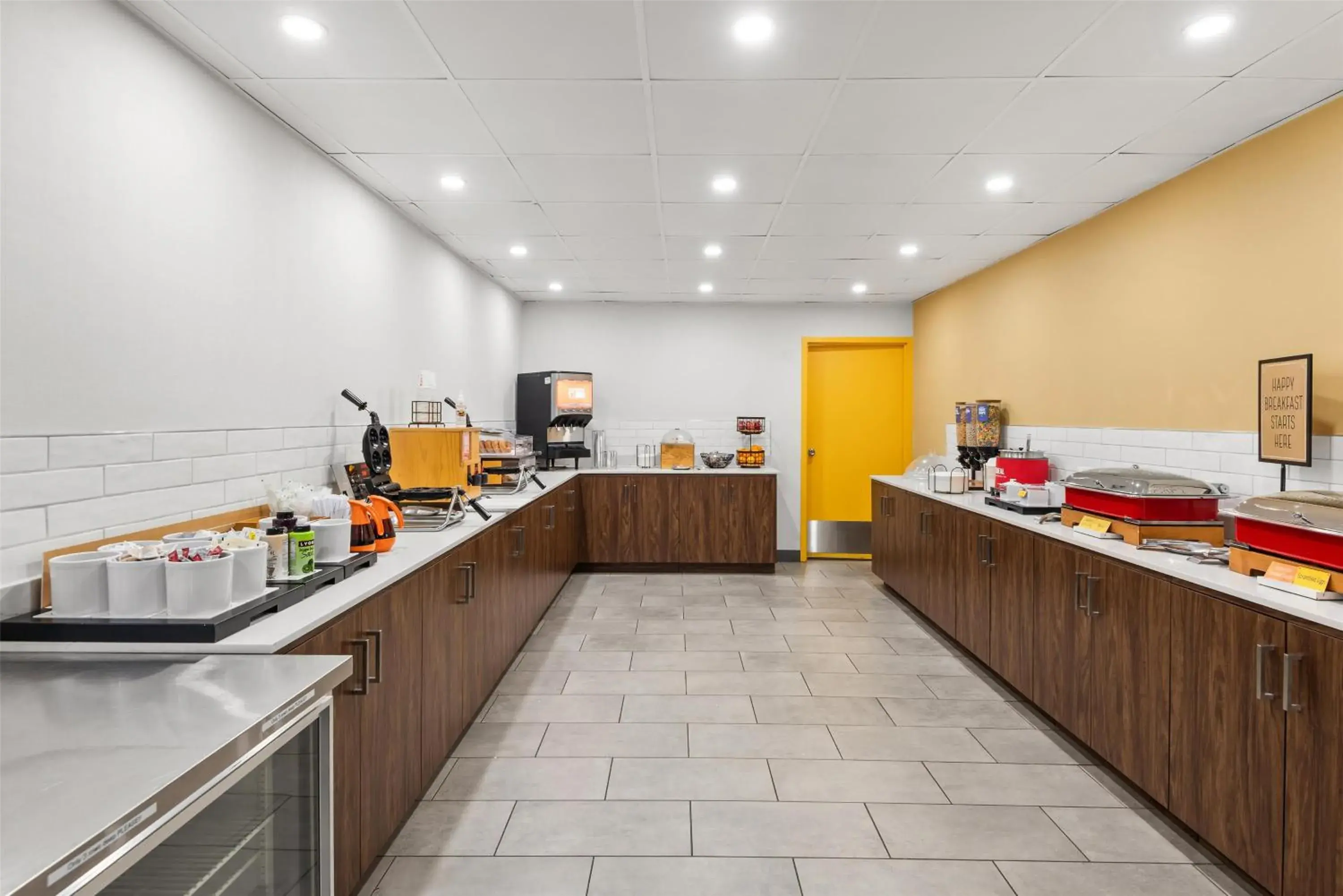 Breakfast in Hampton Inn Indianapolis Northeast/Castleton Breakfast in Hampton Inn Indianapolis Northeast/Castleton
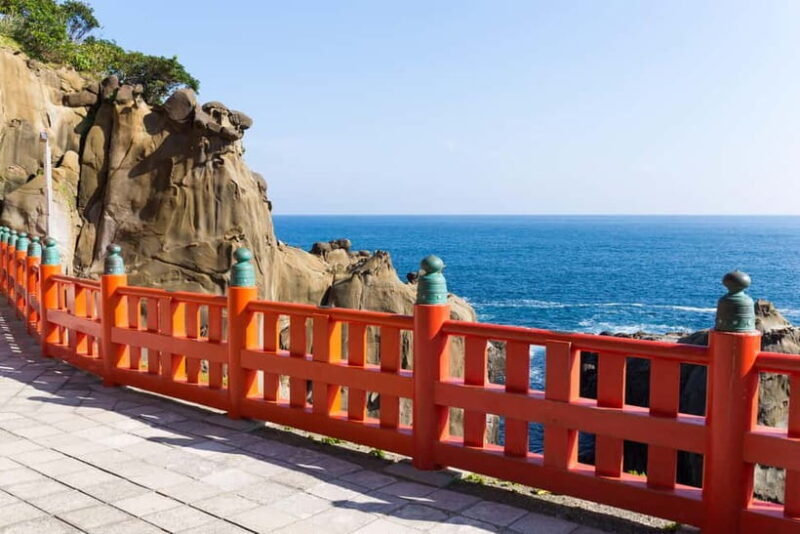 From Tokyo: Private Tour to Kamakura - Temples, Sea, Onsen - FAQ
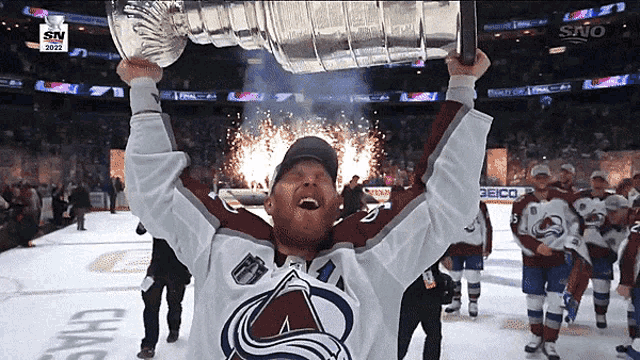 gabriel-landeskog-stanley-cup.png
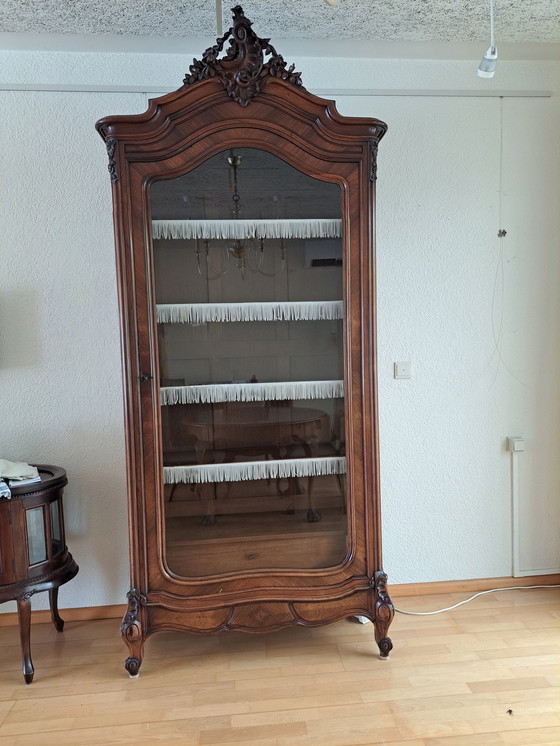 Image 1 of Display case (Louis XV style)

> [WHAT TO PRODUCE]: Set down nothing but the lines from the one containing "gabriel-landeskog-stanley-cup.png" to the final line above, both included, with every picture left out.

> [WRITTEN SOLUTION]:
 gabriel-landeskog-stanley-cup.png
 Image 1 of Display case (Louis XV style)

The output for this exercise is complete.